The constant in my life is finding solace in nature. It’s not just taking a walk in a garden, although that is definitely a way to lift spirits, it’s bringing nature close to awaken the senses dulled in winter months.
I keep a candle near my bed; Nest’s “Narcissus” – a smell that, for me, is reminiscent of winter holidays with family. My mother always had lovely paper whites blooming in shallow, pebble filled dishes set on the coffee table in the living room over the winter months. In Cleveland, any aroma of the earth, other than snow, was refreshing and welcomed (though my own family doesn’t like the smell). The candle is poured into a beautiful porcelain container etched with narcissus and is as lovely lit as it is unlit.
In addition to the candle, I like coaxing narcissus bulbs but this year I tried doing them individually in hourglass shaped glass containers tied with a gold wire-edged ribbon. They looked festive, I enjoyed watching the roots grow and they quickly popped open to expose the fragrant flower.
But I also had to get a few bunches of paper whites for a vase – for me, they fit with the season, I love their smell and I feel nostalgic for their flower during the winter holidays. I needed more than just a few sparse blooms.
Tulips, my favorite flower, are usually easy to find in any store this time of year and I’ve been fortunate, and grateful, to receive on two occasions beautiful bunches of vibrant, long lasting tulips. They brought color to my room after recuperating from some spinal procedures and definitely brightened my mood. Nature’s beauty, and the generosity and thought of my husband and a close friend, lifted my mood considerably.
Just when I think this area’s gardens are dull, I’m reminded by Elizabeth Lawrence’s “Through the Garden Gate” (edited by Bill Neal) that gardens are always alive and, if you are willing to be a student, full of lessons. The book, a recent gift from my very close, insightful and fellow gardening friend serves as a good reminder and is the perfect addition to my bedside library. The bedside library is simply a stack of books I like to – or need to – grab when I’m in dire need of awakening the senses that are obvious in warm months and more hidden in these cold, winter months.
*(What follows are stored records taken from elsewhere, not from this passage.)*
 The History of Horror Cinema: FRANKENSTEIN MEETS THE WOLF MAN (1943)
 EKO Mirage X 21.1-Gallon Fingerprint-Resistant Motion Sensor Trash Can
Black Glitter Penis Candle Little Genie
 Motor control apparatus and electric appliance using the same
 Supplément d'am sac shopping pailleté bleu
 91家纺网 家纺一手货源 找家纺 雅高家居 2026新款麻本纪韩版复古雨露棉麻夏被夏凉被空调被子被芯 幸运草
As is the Stashower Custom, we receive amaryllis bulbs for a holiday gift. The tradition began long ago and like clockwork, a bulb from White Flower Farm arrives in December and for several months, we enjoy watching them grow from bulb to blossom.
Past blogs have talked about the importance of this gift and how grateful I am that my father continues the tradition though it has been a few years since my mother passed away. Her aesthetics, joy in selecting the bulbs and delight in keeping track of their progress is as clear today as it was decades ago when she first started sending the bulbs.
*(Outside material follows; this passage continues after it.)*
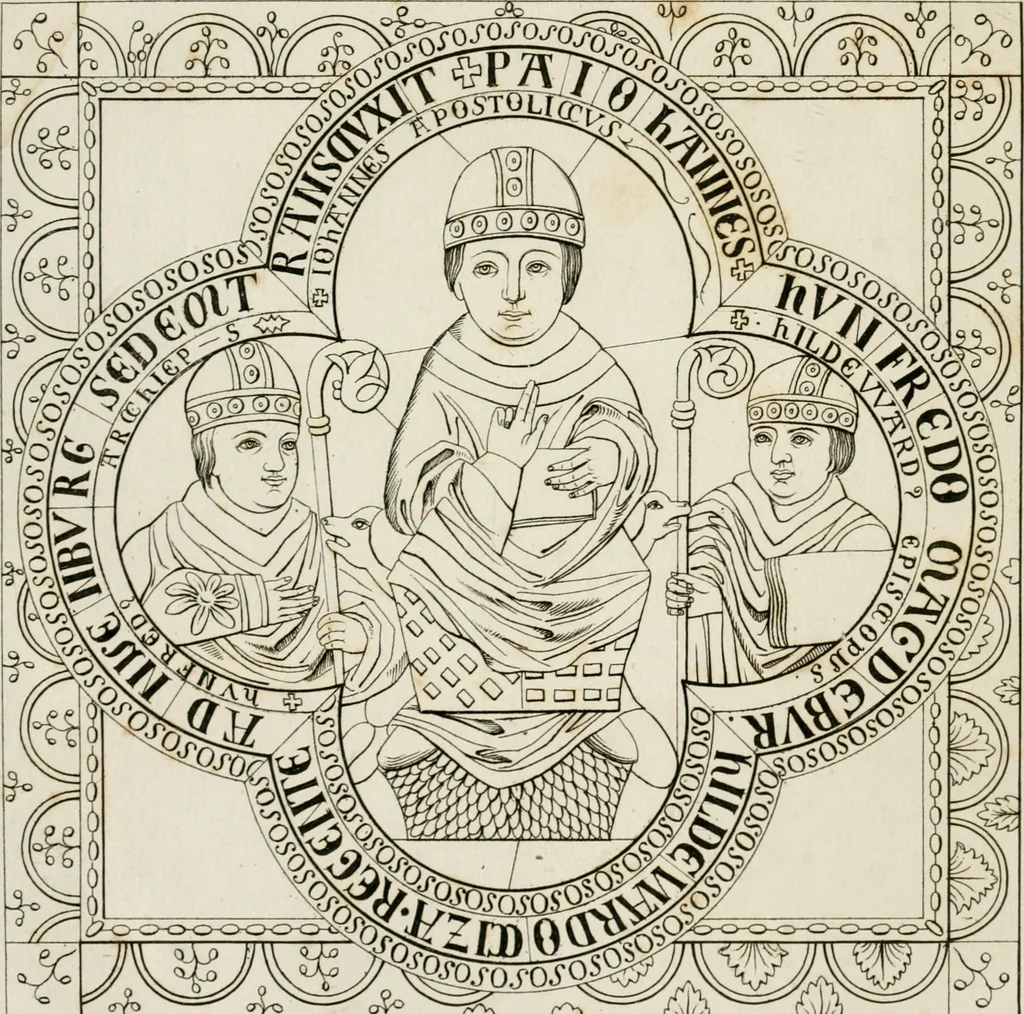An illustration from Ueber das Alterthum und die Stifter des Doms zu Naumburg : und deren Statuen im westlichen Chor, 1822, leaf 3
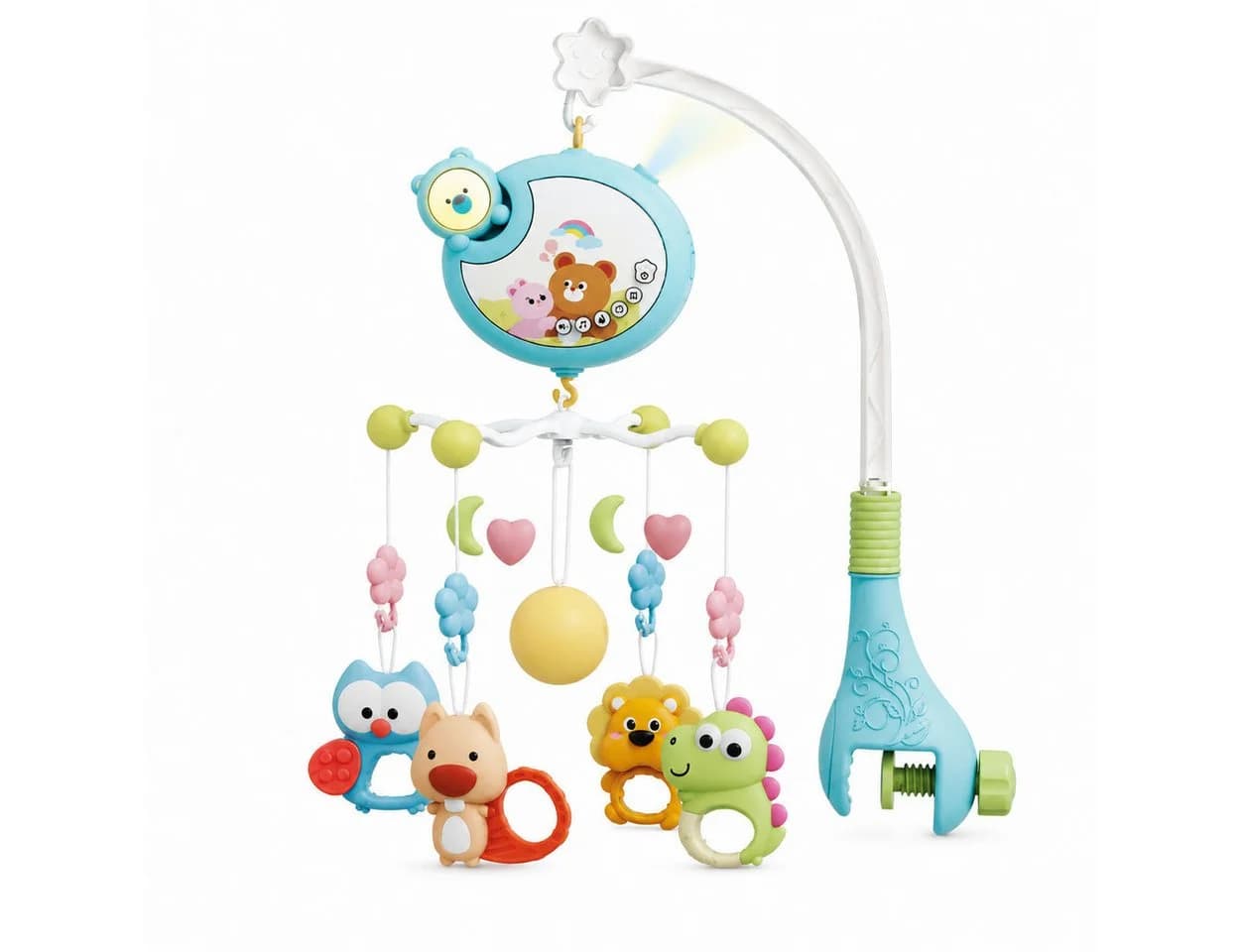 Luckice Mobile 3in1 Traumbärchen mit Musik und Sternenprojektor Blau/Weiß - Bild 2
There have been years of spectacular blooms and this year’s choice, Amaryllis Matterhorn, continues the streak. The bulb has two stalks; one has already blossomed and is past its prime, the second stalk is about to bloom.
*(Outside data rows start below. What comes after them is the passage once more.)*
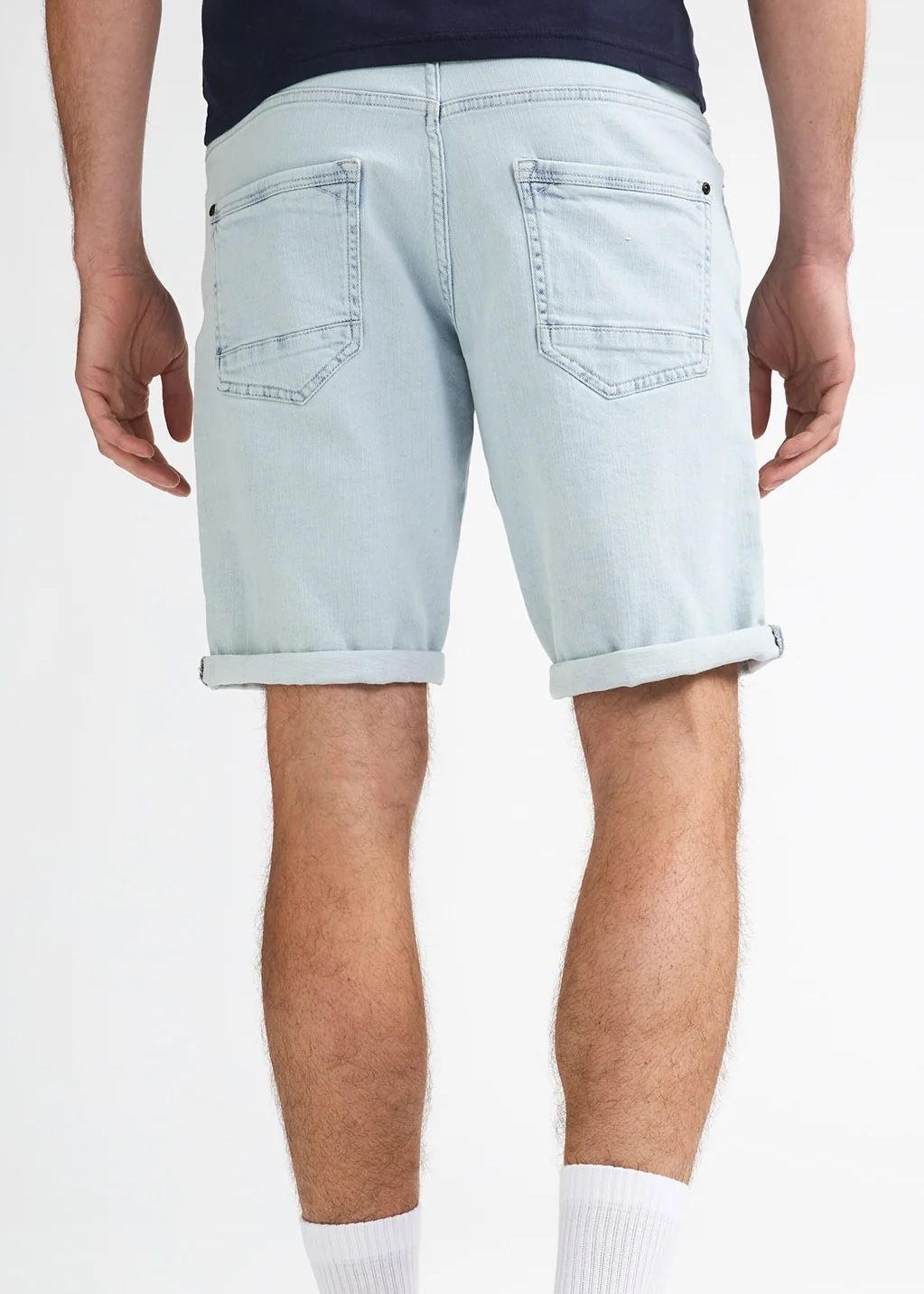 Petrol Industries Herren regular Jeansshort Bassano Shockwave in Blau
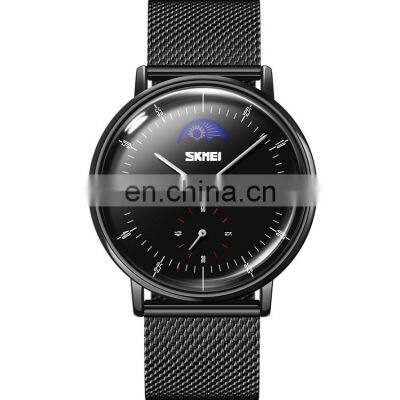 9245 Time show skmei brand your own logo watches men mesh quartz hand watches simple man watch OEM/ODM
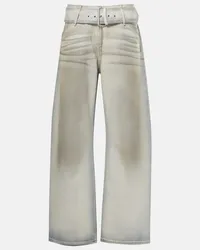 Acne Studios Pantaloni a gamba larga in denim Argento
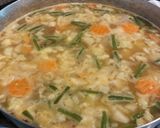 A picture of step 1 of Left over pork tenerloin soup.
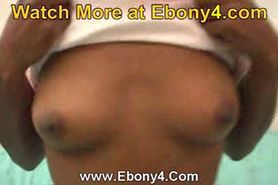Sexy Ebony Babe Shows Her Ass and Pussy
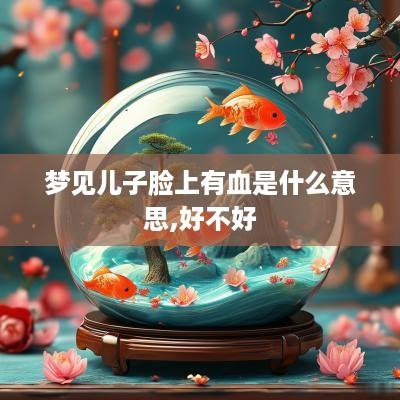 梦见儿子脸上有血是什么意思,好不好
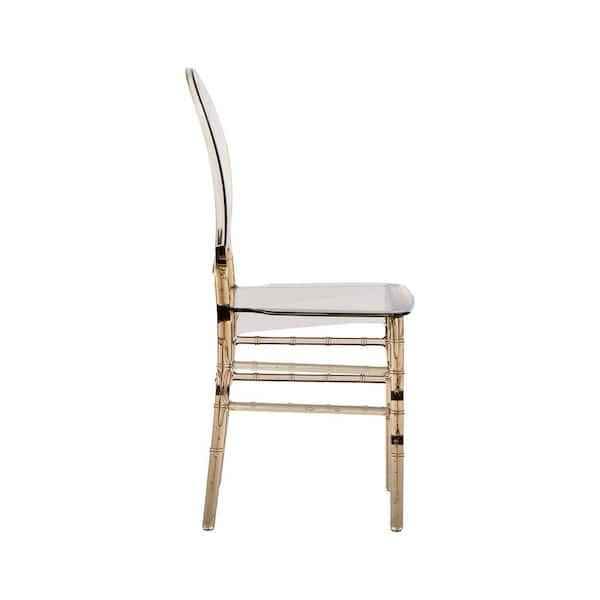Ghost Style Amber Acrylic Stackable Event Chairs-Set of 4 ( Amber ) - Image 6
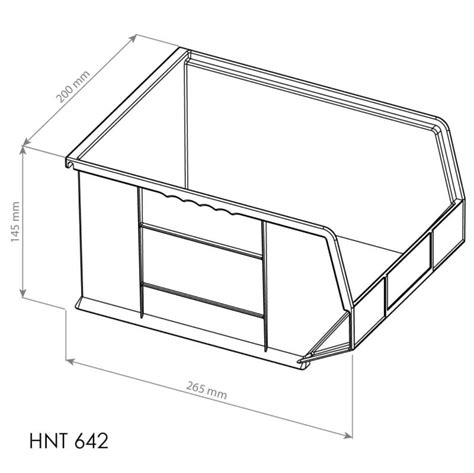 BIN BOX SPAREPART SERBAGUNA HANATA HNT 642 KOTAK AKSESORIS UKURAN 26,5 ...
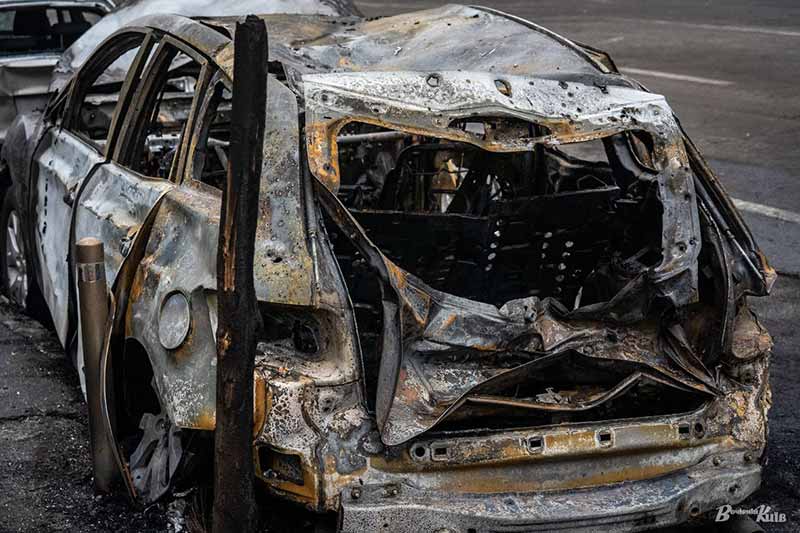 Вулиця Антоновича після обстрілу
It’s mid February and I’ve received several notices marking the anniversary of my mother’s passing is only a few weeks away. I know that contributes to the Winter of my Discontent. I miss my mother just as I miss the years when our family gathered in Cleveland. Maybe when I feel like I’m floundering and unsure about things, I should look to the constants in life and hold them close to my heart.
I miss you, mom.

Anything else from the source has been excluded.